Records from a data source:
= Beginning of Section =
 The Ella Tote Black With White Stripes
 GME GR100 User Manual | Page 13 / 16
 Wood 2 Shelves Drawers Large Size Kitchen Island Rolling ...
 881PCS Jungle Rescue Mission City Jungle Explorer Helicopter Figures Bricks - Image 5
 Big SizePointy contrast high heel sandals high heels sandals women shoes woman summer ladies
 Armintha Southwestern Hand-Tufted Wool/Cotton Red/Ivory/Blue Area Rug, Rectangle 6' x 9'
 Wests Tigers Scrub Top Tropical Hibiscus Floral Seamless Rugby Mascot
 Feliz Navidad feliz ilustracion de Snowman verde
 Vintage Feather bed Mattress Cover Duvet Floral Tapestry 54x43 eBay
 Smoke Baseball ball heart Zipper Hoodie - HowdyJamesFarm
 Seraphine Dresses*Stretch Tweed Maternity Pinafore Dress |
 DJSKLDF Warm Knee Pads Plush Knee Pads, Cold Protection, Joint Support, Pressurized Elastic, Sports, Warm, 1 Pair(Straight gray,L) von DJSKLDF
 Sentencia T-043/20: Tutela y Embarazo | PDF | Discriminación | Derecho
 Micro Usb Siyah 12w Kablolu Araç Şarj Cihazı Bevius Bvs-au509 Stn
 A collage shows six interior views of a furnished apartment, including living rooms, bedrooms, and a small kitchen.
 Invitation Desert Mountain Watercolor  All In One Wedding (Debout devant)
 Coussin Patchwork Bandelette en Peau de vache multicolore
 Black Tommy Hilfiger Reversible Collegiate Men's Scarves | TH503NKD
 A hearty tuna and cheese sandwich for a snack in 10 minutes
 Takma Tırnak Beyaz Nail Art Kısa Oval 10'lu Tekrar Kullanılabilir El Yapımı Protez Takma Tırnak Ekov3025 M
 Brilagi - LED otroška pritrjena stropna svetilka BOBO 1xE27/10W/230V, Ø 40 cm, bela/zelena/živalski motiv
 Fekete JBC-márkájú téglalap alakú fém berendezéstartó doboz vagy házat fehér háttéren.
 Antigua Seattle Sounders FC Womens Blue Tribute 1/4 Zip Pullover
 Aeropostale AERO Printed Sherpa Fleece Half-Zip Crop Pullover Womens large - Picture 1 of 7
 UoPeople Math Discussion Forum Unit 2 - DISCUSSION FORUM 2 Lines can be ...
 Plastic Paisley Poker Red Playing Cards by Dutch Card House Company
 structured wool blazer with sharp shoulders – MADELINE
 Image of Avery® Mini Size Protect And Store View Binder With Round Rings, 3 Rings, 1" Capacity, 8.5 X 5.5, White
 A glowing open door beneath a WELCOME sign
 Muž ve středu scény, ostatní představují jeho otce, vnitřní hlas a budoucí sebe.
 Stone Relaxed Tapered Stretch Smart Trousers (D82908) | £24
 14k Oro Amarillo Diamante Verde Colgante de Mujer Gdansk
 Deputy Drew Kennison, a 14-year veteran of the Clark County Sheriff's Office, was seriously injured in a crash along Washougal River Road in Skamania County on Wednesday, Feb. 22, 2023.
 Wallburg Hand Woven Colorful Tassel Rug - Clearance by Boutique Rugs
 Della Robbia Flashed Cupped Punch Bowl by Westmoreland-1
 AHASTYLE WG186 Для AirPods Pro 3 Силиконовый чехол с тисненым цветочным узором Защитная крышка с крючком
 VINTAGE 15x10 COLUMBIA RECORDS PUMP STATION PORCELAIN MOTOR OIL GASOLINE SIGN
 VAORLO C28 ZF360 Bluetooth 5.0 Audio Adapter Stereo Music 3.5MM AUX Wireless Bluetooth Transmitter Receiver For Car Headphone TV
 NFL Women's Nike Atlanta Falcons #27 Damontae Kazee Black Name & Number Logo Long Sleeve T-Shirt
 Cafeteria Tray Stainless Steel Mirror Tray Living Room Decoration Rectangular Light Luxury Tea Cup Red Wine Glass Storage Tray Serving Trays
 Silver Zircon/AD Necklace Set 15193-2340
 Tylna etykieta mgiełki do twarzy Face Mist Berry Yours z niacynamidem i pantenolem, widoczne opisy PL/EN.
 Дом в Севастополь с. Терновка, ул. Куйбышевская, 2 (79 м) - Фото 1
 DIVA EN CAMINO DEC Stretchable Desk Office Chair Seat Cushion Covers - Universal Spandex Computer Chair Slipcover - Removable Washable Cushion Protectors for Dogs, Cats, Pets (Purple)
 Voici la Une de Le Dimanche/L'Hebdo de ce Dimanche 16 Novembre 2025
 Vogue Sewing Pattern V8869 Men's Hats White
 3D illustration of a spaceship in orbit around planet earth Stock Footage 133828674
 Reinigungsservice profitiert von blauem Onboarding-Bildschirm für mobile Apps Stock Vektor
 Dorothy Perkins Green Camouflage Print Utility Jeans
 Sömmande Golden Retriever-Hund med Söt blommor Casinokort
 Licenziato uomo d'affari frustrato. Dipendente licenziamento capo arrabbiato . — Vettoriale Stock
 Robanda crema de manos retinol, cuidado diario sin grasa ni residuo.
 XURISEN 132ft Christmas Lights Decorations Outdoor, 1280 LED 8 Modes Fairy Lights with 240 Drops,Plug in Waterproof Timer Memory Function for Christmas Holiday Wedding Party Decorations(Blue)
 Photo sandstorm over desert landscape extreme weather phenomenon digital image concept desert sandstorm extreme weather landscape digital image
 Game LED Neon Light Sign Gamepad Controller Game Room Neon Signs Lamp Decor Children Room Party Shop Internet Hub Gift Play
= End of Section =
:: What the exercise asks ::
Which lines run from the one containing "Robanda crema de" to the end of the entries above? Quote exactly those, and only those.

:: Written reply ::
 Robanda crema de manos retinol, cuidado diario sin grasa ni residuo.
 XURISEN 132ft Christmas Lights Decorations Outdoor, 1280 LED 8 Modes Fairy Lights with 240 Drops,Plug in Waterproof Timer Memory Function for Christmas Holiday Wedding Party Decorations(Blue)
 Photo sandstorm over desert landscape extreme weather phenomenon digital image concept desert sandstorm extreme weather landscape digital image
 Game LED Neon Light Sign Gamepad Controller Game Room Neon Signs Lamp Decor Children Room Party Shop Internet Hub Gift Play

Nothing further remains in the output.